The Senate solidified its Democratic position; the House remained solidly Republican. America after Election Day looks almost exactly the same as America before.
So, why so little change?
Blame it on “hope.”
Face it: in electoral politics, fantasy sells. Mainstream politicians love to promote The Dream. Not the American Dream, which is about hard work and honest dealing, but the Changeling Dream, about getting something for nothing. Or getting ahead at others’ expense. At present, this Dream rests upon spending more than government takes in forever and ever, believing that somehow there are no disastrous consequences to the resulting accumulation of debt.
Democratic politicians may be better able to describe their lavish dreams for all that government can do, but Republican office-holders sure seem to hang out on that same street in Dreamland.
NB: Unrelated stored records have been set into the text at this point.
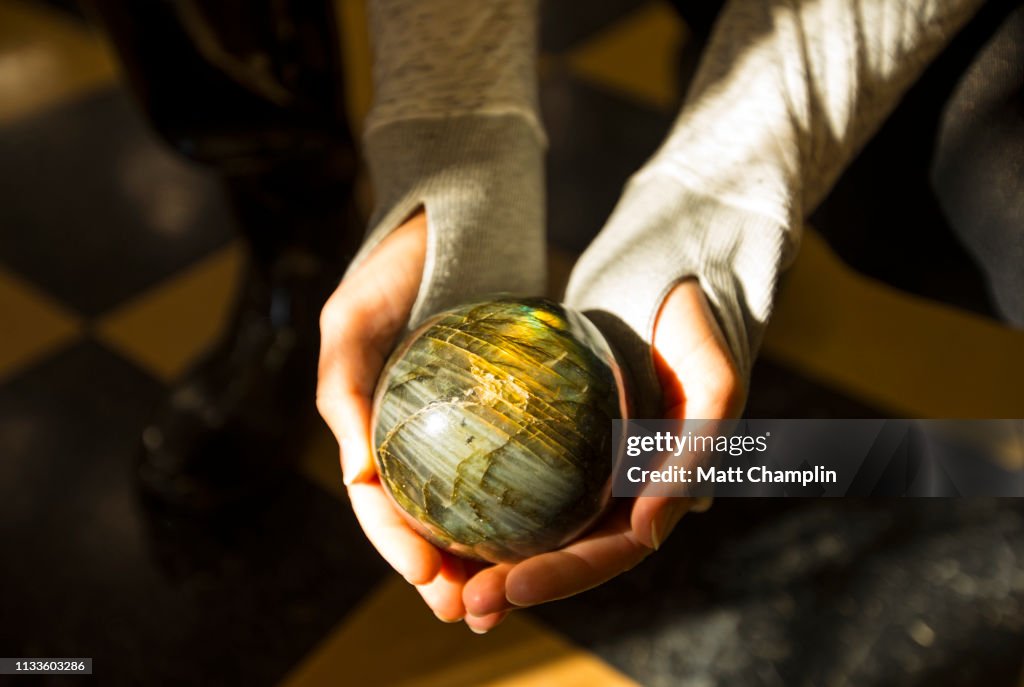 Woman's Hands Holding Labradorite Rock Sphere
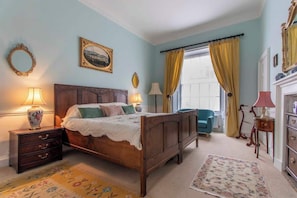 A bedroom with a wooden bed, a nightstand with a lamp, a chair, and a dresser.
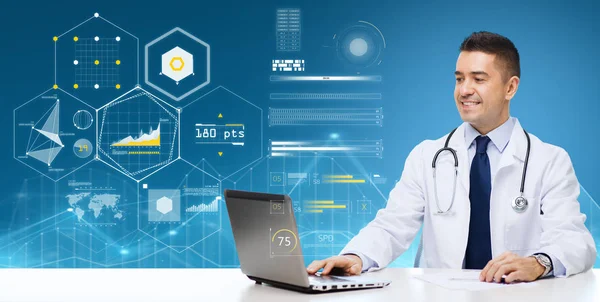 Male doctor with laptop over virtual charts — Stock Photo, Image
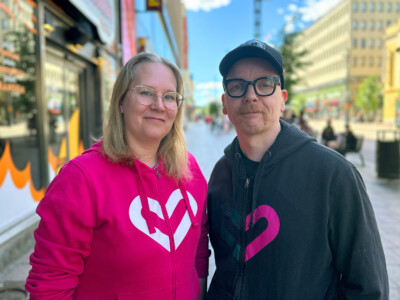 Kaksi henkilöä seisoo kadulla ja katsoo hymyillen kameraan.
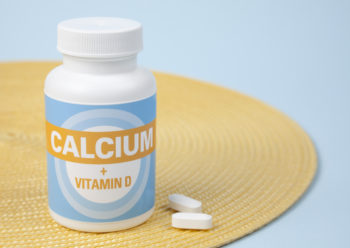 calcium bottle and 2 pills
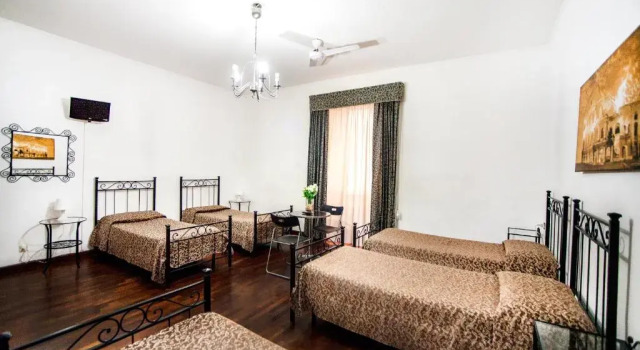 Кровать в общем номере Funny Palace Hostel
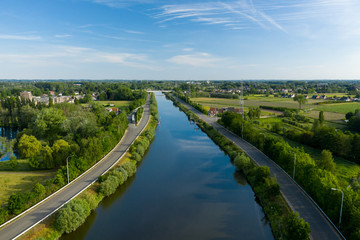 Aerial view of the Dender river, while passing the town of Dendermonde, in Belgium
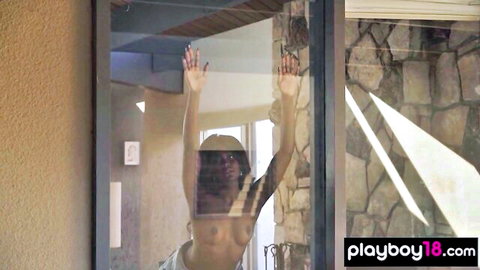 Steamy ebony 18yo presses nude body against window, revealing black snatch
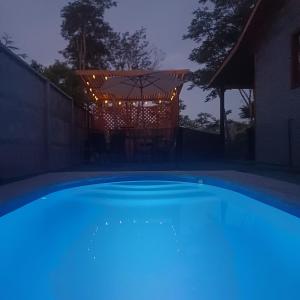 a large blue swimming pool with an umbrella at night at Refugio las Mariposas Chillán in Chillán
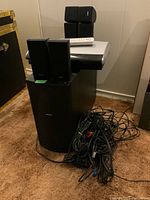 Photo showing the large Bose subwoofer, DVD player/control unit, remote on top, and bundled wires on the floor.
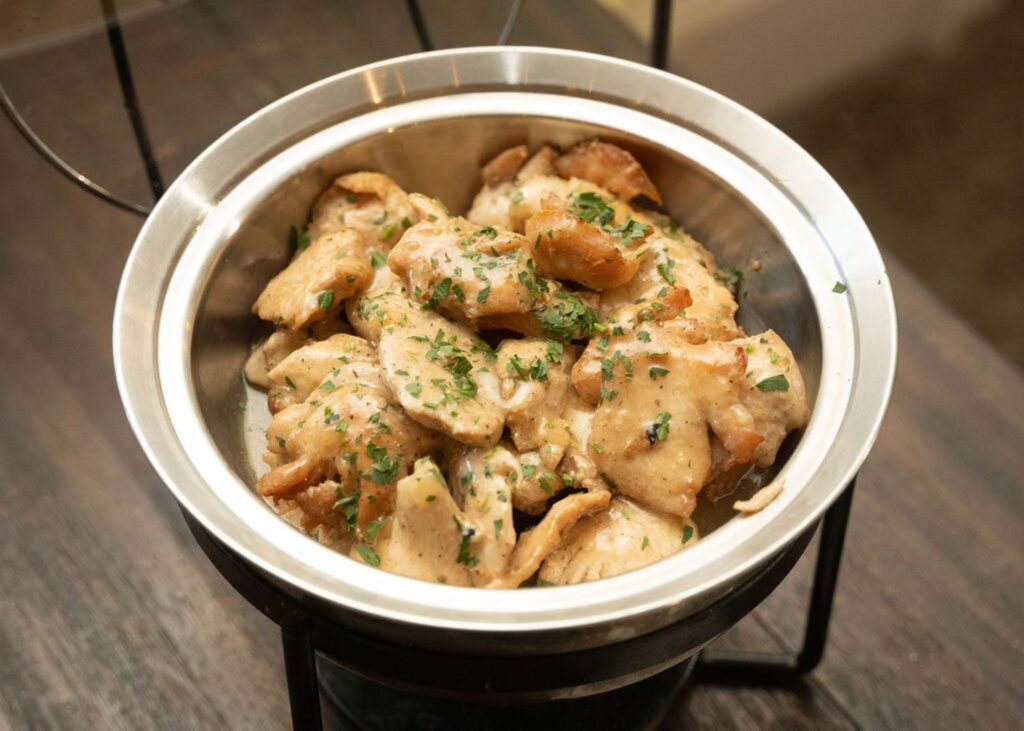 A stainless steel bowl filled with creamy, sauced chicken pieces, topped with chopped herbs, rests on a black metal stand on a wooden surface—perfect for serving at a Chastain Horse Park wedding reception.
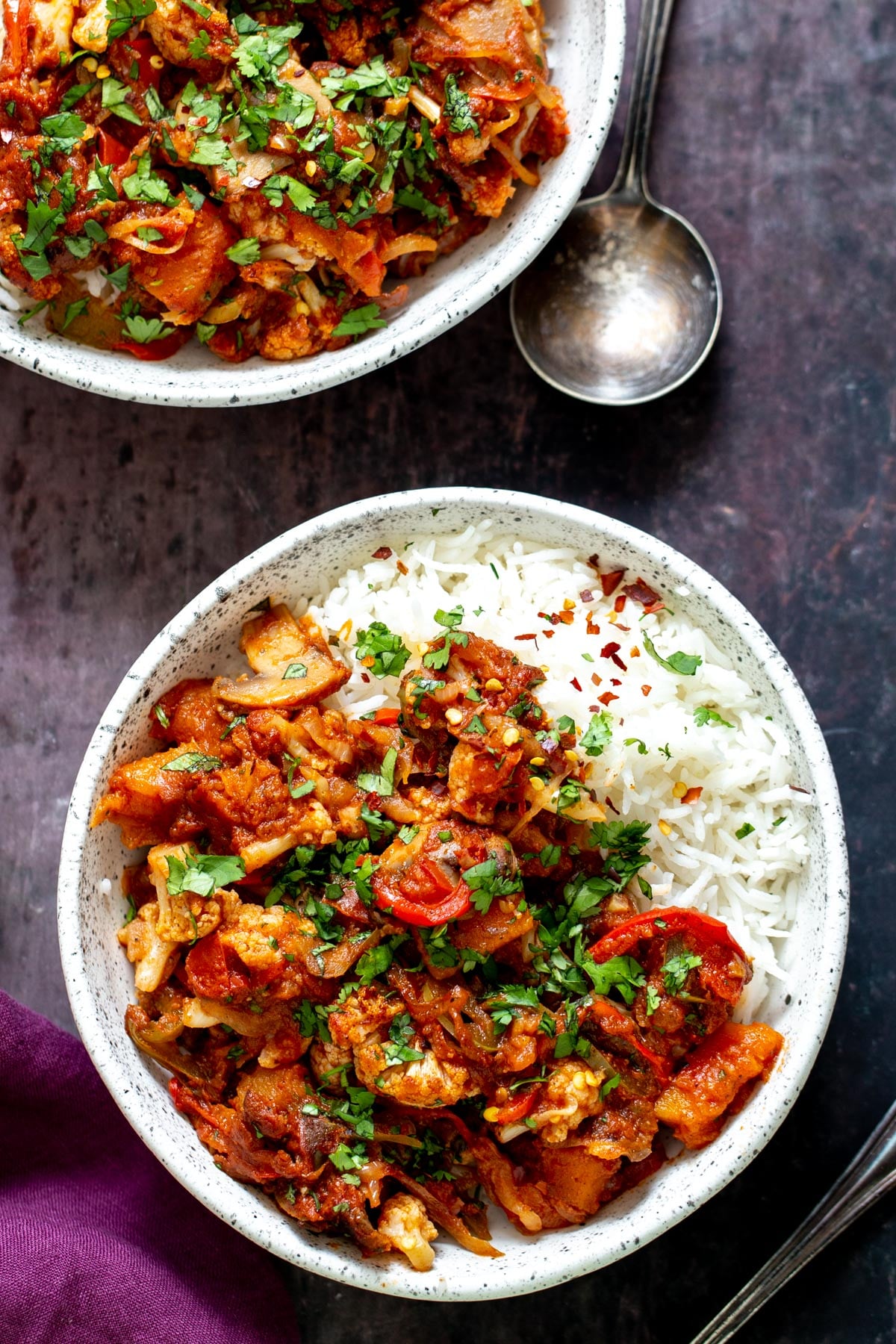 vegetable balti a bowl of vegetable balti served with rice and sprinkled with fresh parsley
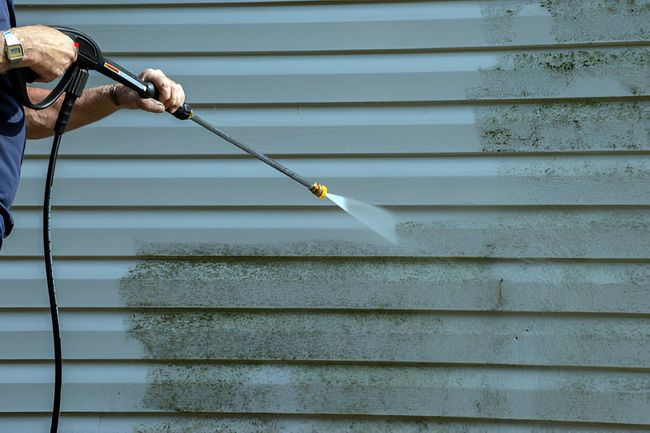 A man is cleaning the side of a house with a high pressure washer.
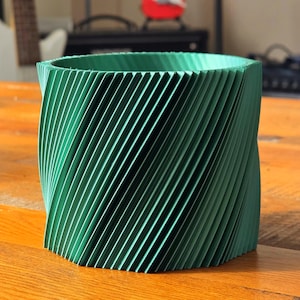 May include: A green, cylindrical planter with a unique, spiraling design. The planter is made of a smooth, textured material and has a wide opening at the top.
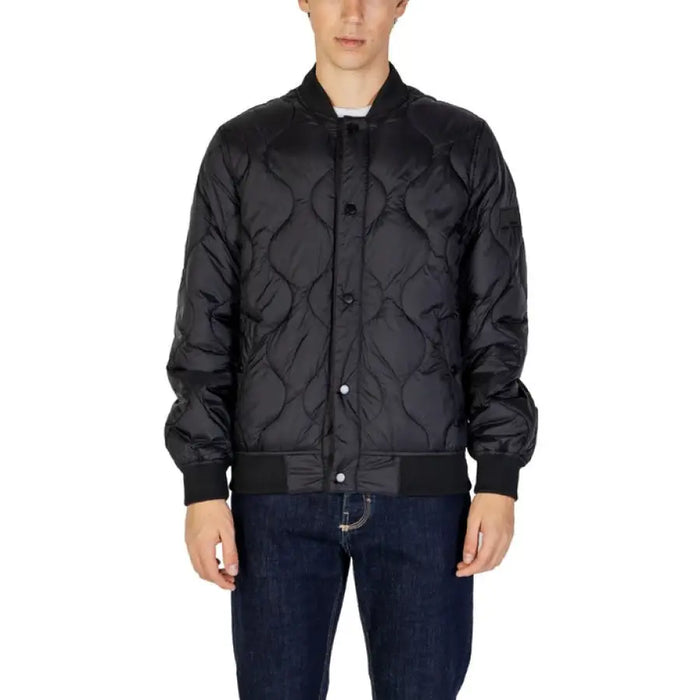 Black quilted bomber jacket with ribbed collar and snap buttons by Gianni Lupo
Now they’ve just about all been re-elected to go back and hang out for another term.
What can we do? Hope they change their spots?
No. That’s too passive. “Cast your whole vote,” Henry David Thoreau wrote, “not a strip of paper merely, but your whole influence.”
How? In 2013 and 2014, citizens can petition to put important issues on state and local ballots. We change the terms of political debate; we gain the upper hand — and put common sense back into government.
This is Common Sense. I’m Paul Jacob.